Like we talk about in our Centered Life Blueprint, if you have a centered vision for your life and you have all this other stuff that's outside the circle that has to happen in life that you focus on SO much, you can't pay attention to making your centered vision for your life a reality. If you're constantly outside the circle, you'll be just caught up in the weeds. So if you don't have the budget, that's cool. There have been times I have not as well, but that means you've got to streamline. That means your job is just to remove the contaminators out of your agenda, out of your schedule, out of your environment. So that way you have the least amount of stuff that you have to do yourself.


Finally, I just want to say this, your worth is not defined by the laundry and the dishes, by cleaning the bathroom or signing your kids up for camp. And I know it sounds silly to even say that. Of course your worth isn't. But when you don't delegate, when you don't give some of the things that are on that heavy mental load list to other people, then that list — all those, all those things that don't matter at all —they do start to define your worth because that's all you spend time on. So I want you to challenge yourself to think about, is there some small thing you could think about giving away?
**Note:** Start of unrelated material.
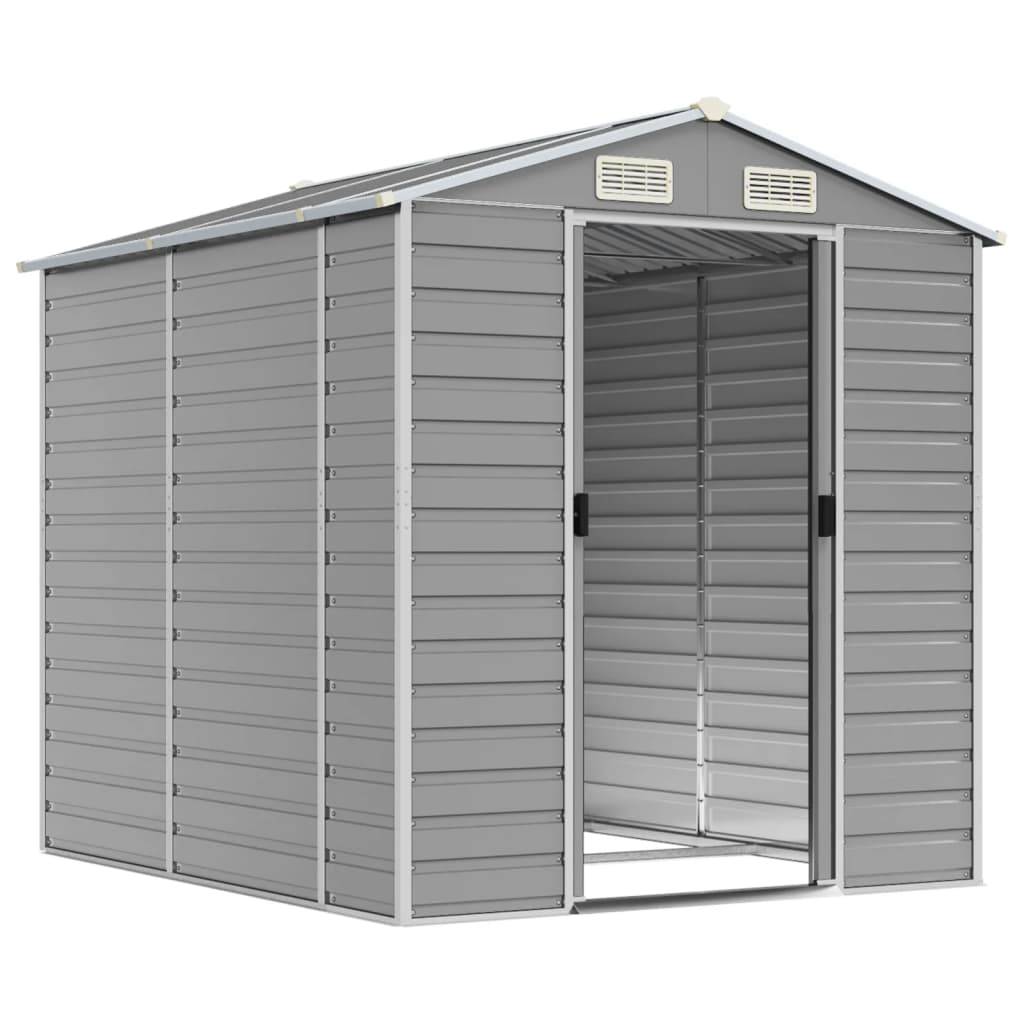 Vidaxl - Abri de jardin gris clair 191 x 215 x 198 cm en acier galvanisé vidaXL 3188243 - Image 9
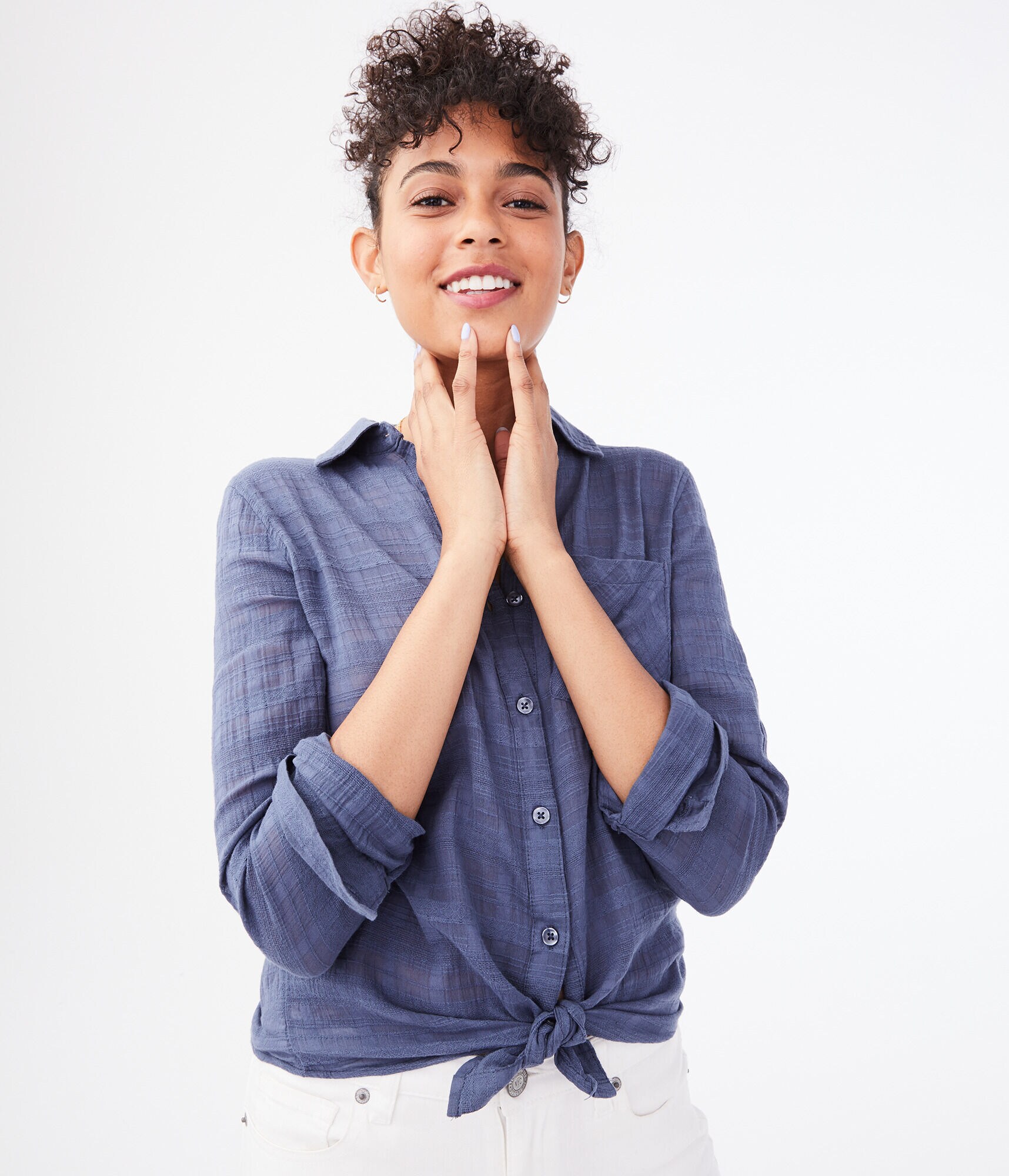 Long Sleeve Textured Button-Down Shirt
If it's something about you sharing the load with your partner and you feel like, man, I carry all of it, the next question is: is there some guidance that I need to get so that way I can really make a shift and educate my partner and get into more of a team approach with that person? If my kids are old enough to, I need to really hold them to task and decide, okay, you need to do some chores here. You need to take responsibility. It's good for them. It's good for you. In The Working Mom Blueprint, we have a whole list that talks about chores and responsibilities for kids by age and what are the different chores that kids should do and can do.


Because otherwise there's so much at risk. If we don't delegate, if we do it all, if we keep on carrying that heavy burden, a) we never realize our dreams and b) we live in a life of resentment. We're resentful, resentful, resentful. We keep on doing the work, keep on doing the work, keep on doing the work, but you know, what's going to happen one day, right? All of that resentment builds up, like you're in an Instant Pot and there's no steam release valve so the pressure just builds and builds and builds. So then, you're going to explode on somebody, right? You're going to get mad. You're going to flip out at your husband, at your partner, at your kids, at your job. You're going to be burnt out. Because (that pressure) has to go somewhere and when we keep on carrying that load and never give it to somebody else, the resentment that builds goes somewhere.


There is so much more life out there for you, Mama. And I want you to grasp it and to have it and make it a reality for yourself. And that really does start in part with automation and delegation.